It is very important to inspect the feedback to make sure the compiler is doing what you have asked of it.

Now, **Run** the application in default mode (without entering any argument) and **Validate** the output to verify we are getting the correct result/output. We have already made a copy of the `reference.nc` (output of the serial code). Rename the current output to `new.nc`, copy it to the *checker* folder and compare it to the “correct” output (`reference.nc`) by running the `checker.py` code (a simple code written to “check” the output as we make changes to the code (including offloading computation to the accelerator or optimizations)). The `checker.py` code, looks for largest error and largest “difference” – computes % difference. It looks for largest error and largest “difference” – computes % difference.
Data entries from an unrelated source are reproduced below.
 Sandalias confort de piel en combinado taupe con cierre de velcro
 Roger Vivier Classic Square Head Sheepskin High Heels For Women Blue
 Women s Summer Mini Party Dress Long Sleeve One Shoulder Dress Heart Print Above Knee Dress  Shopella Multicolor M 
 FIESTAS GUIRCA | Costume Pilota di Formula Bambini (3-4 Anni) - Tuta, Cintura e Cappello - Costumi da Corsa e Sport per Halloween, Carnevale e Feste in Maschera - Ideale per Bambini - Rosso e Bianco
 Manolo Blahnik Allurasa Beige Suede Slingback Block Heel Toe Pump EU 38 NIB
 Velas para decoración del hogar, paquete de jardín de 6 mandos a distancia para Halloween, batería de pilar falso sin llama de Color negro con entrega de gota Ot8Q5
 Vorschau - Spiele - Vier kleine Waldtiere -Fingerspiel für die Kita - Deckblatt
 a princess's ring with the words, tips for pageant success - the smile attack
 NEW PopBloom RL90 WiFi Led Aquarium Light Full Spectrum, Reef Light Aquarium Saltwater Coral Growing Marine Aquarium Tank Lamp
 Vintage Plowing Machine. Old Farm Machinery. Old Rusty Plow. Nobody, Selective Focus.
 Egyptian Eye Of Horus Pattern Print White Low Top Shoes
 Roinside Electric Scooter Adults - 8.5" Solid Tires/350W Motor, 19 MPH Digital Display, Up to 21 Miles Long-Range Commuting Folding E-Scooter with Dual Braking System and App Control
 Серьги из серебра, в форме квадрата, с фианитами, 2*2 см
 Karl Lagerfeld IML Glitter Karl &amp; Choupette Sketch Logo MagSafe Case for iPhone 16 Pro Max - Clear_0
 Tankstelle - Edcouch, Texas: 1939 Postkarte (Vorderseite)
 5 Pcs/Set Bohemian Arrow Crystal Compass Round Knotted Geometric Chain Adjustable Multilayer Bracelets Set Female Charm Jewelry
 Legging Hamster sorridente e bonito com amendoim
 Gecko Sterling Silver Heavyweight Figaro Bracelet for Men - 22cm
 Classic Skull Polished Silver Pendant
**NOTE:** We validate against smaller values of `nx_glob`, `nz_glob` , and `sim_time`: **40, 20 , 10** (Make sure to modify the file accordingly)

In [None]:
!./miniWeather

Now, copy the output to the *checker* folder and **Validate** the output.

In [None]:
!cp reference.nc ../../checker/new.nc
!ipython ../../checker/checker.py

Once you verified the output to ensure the correctness of the application and that its functionality is not broken, **Profile** it with Nsight Systems command line `nsys`.

In [None]:
!nsys profile -t nvtx --stats=true --force-overwrite true -o miniWeather_3 ./miniWeather

You can see that the changes made actually slowed down the code and it runs slower compared to the non-accelerated CPU only version. Let's checkout the profiler's report. [Download the profiler output](miniWeather_3.qdrep) and open it via the GUI. 

From the "timeline view" on the top pane, double click on the "CUDA" from the function table on the left and expand it. Zoom in on the timeline and you can see a pattern similar to the screenshot below. The blue boxes are the compute kernels and each of these groupings of kernels is surrounded by purple and teal boxes (annotated with red color) representing data movements.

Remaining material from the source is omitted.